__The task__.
Output every record verbatim, and omit each picture.

Start of Data shown

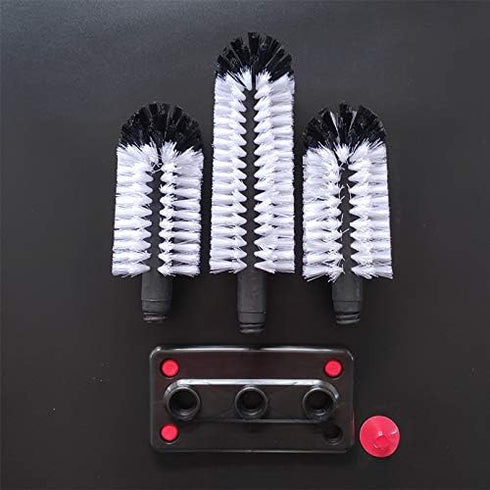 Water Bottle Cleaning Brush with Suction Base, 3 Head Bristle Brush for Beer Cup, Long Leg Cup, Red Wine Glass, Bar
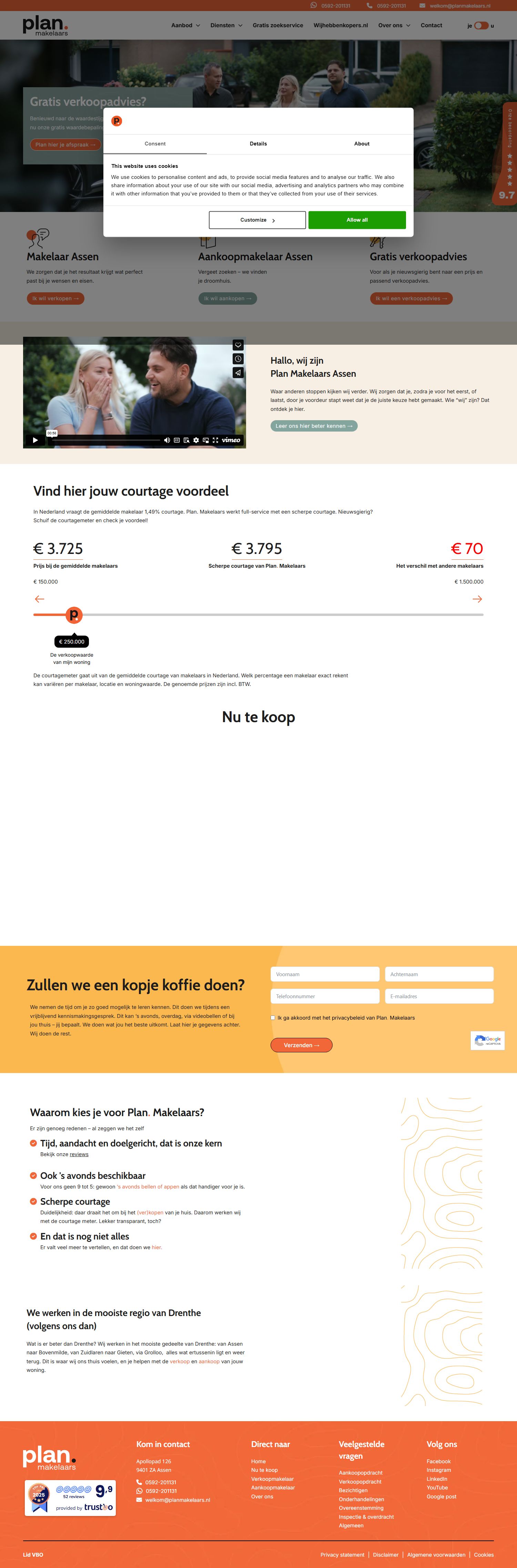 Screenshot van de website van www.planmakelaarsassen.nl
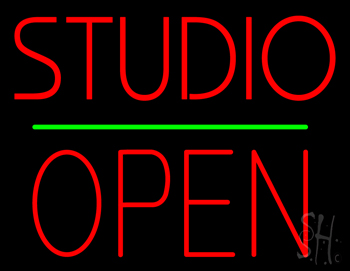 Studio Open Block Green Line LED Neon Sign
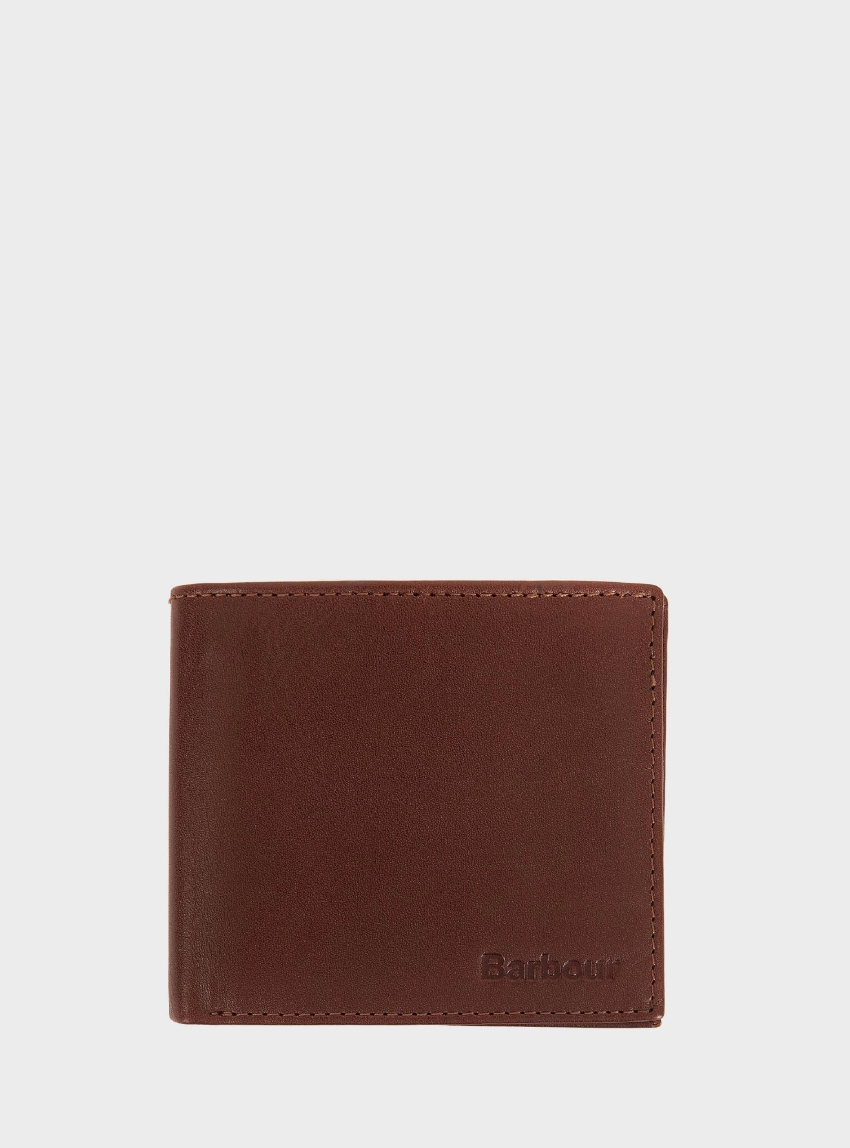 Barbour Colwell Leather Billfold Wallet - Brown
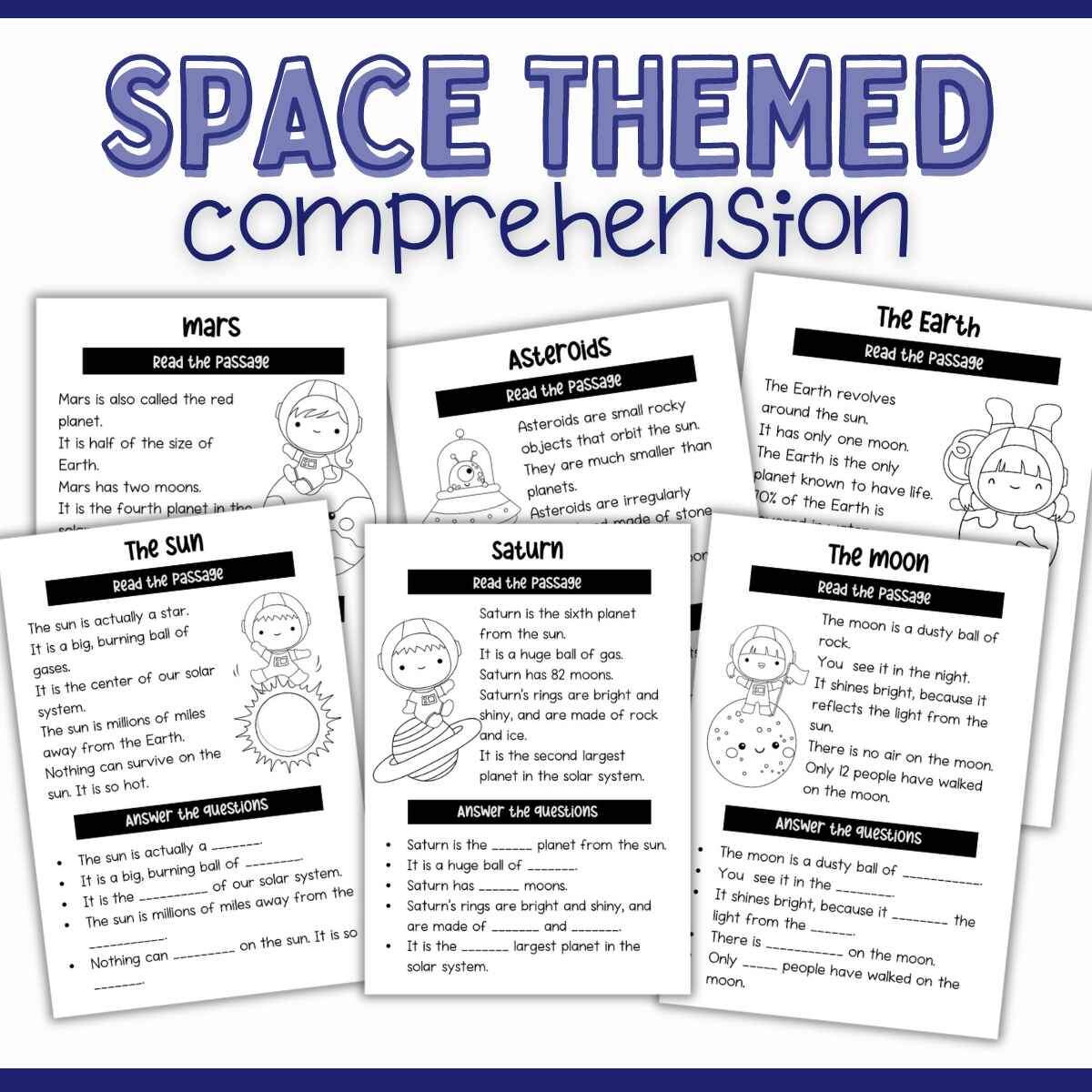 Space Themed Comprehension Worksheets A Toddler With A Pencil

End of Data shown

__Your response__.
 Water Bottle Cleaning Brush with Suction Base, 3 Head Bristle Brush for Beer Cup, Long Leg Cup, Red Wine Glass, Bar
 Screenshot van de website van www.planmakelaarsassen.nl
 Studio Open Block Green Line LED Neon Sign
 Barbour Colwell Leather Billfold Wallet - Brown
 Space Themed Comprehension Worksheets A Toddler With A Pencil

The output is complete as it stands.